▶ **Records excerpted from a collection**
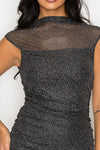 Mesh Dot Foil Mock Neck Dress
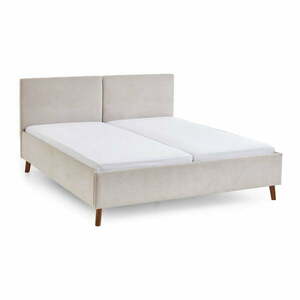 Bézs kárpitozott franciaágy ágyráccsal 180x200 cm Piano – Meise Möbel kép
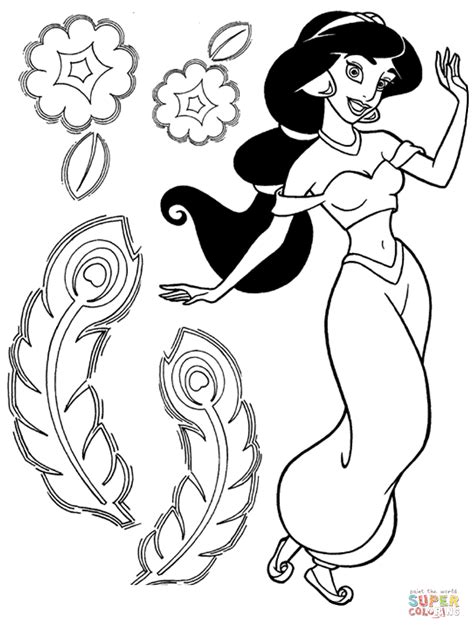 Beautiful Jasmine coloring page | Free Printable Coloring Pages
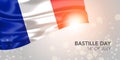 France happy Bastille day vector banner, greeting card. Royalty Free Stock Photo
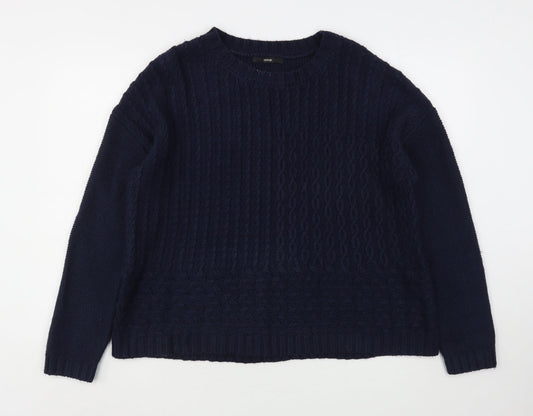 George Womens Blue Round Neck  Acrylic Pullover Jumper Size L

▶ **WHAT THE EXERCISE ASKS**
Give back every record exactly. Omit the pictures.

▶ **RESULT FOR THIS EXERCISE**
 Mesh Dot Foil Mock Neck Dress
 Bézs kárpitozott franciaágy ágyráccsal 180x200 cm Piano – Meise Möbel kép
 Beautiful Jasmine coloring page | Free Printable Coloring Pages
 France happy Bastille day vector banner, greeting card. Royalty Free Stock Photo
 George Womens Blue Round Neck  Acrylic Pullover Jumper Size L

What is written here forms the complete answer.